Pictures in the listing below are skipped, while the lines from the "March 31, 2014: In" line through the "87 Oakland Ave, Providence, RI" line are returned word for word.

- **The data**:
Segment Open
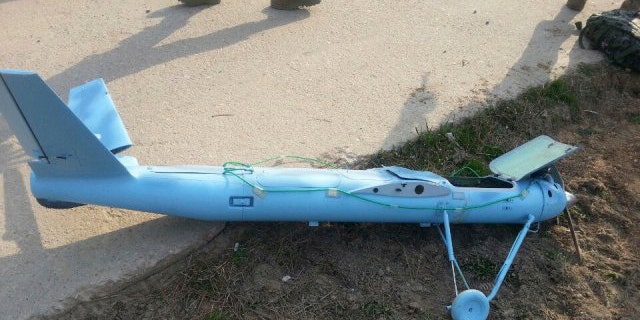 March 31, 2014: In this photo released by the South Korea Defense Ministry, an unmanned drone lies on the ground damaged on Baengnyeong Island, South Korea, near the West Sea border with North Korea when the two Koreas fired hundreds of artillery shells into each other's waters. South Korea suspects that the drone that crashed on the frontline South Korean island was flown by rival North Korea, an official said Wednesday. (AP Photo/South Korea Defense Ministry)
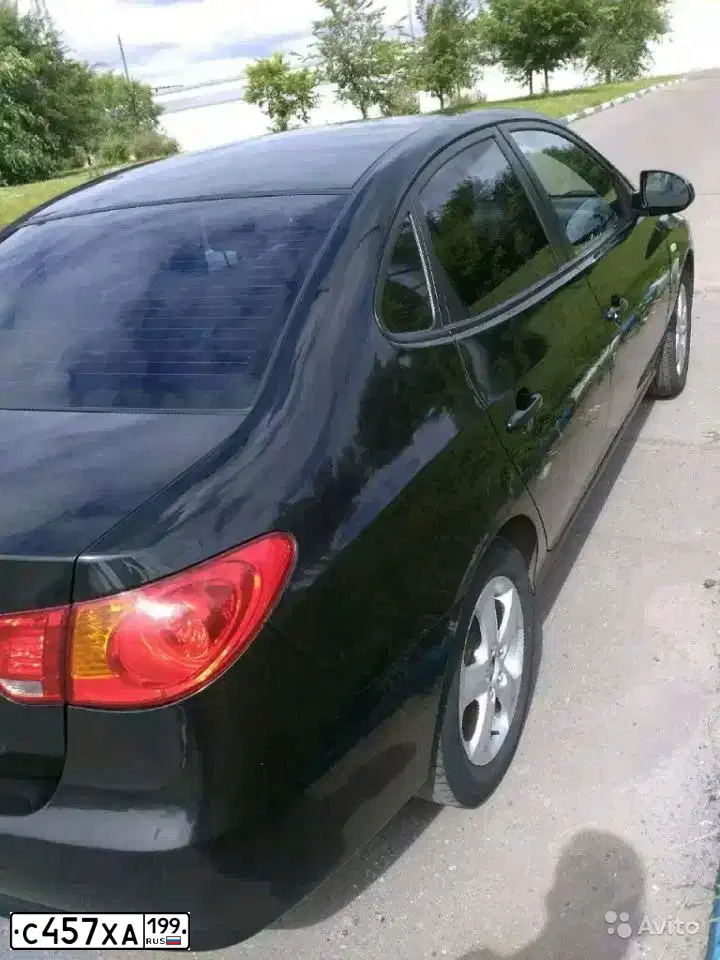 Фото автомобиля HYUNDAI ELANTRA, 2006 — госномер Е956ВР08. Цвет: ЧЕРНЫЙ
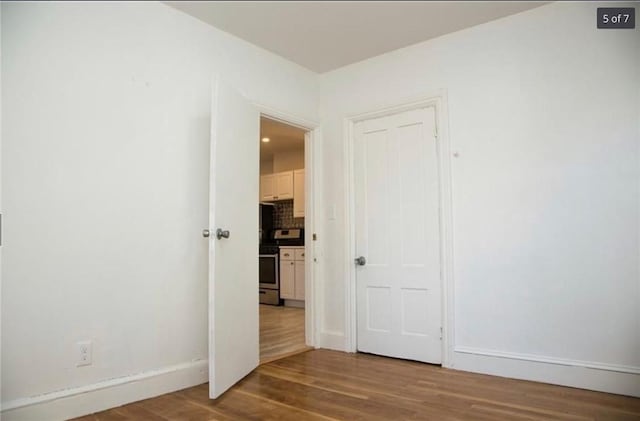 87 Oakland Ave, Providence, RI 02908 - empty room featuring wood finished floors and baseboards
Segment Closed
Segment Open
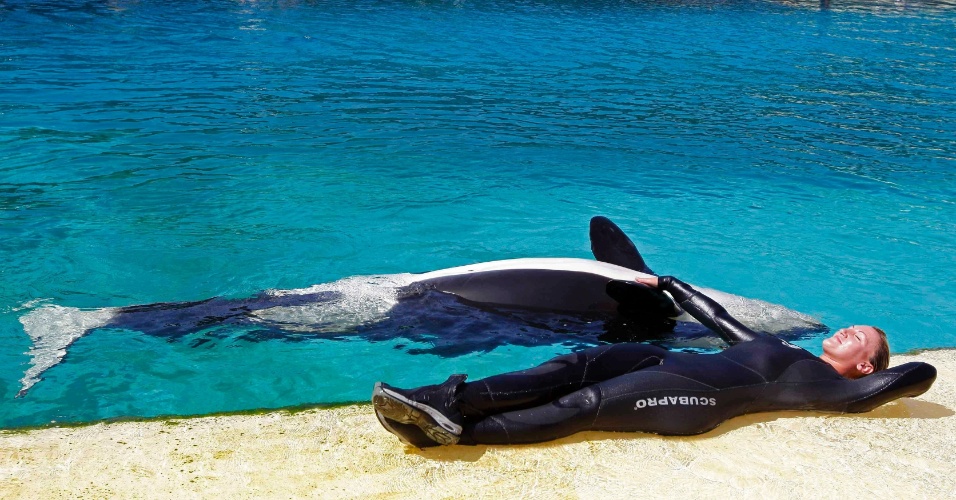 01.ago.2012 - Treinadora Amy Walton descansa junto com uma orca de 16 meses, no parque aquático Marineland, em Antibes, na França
Segment Closed
- **Output below**:
 March 31, 2014: In this photo released by the South Korea Defense Ministry, an unmanned drone lies on the ground damaged on Baengnyeong Island, South Korea, near the West Sea border with North Korea when the two Koreas fired hundreds of artillery shells into each other's waters. South Korea suspects that the drone that crashed on the frontline South Korean island was flown by rival North Korea, an official said Wednesday. (AP Photo/South Korea Defense Ministry)
 Фото автомобиля HYUNDAI ELANTRA, 2006 — госномер Е956ВР08. Цвет: ЧЕРНЫЙ
 87 Oakland Ave, Providence, RI 02908 - empty room featuring wood finished floors and baseboards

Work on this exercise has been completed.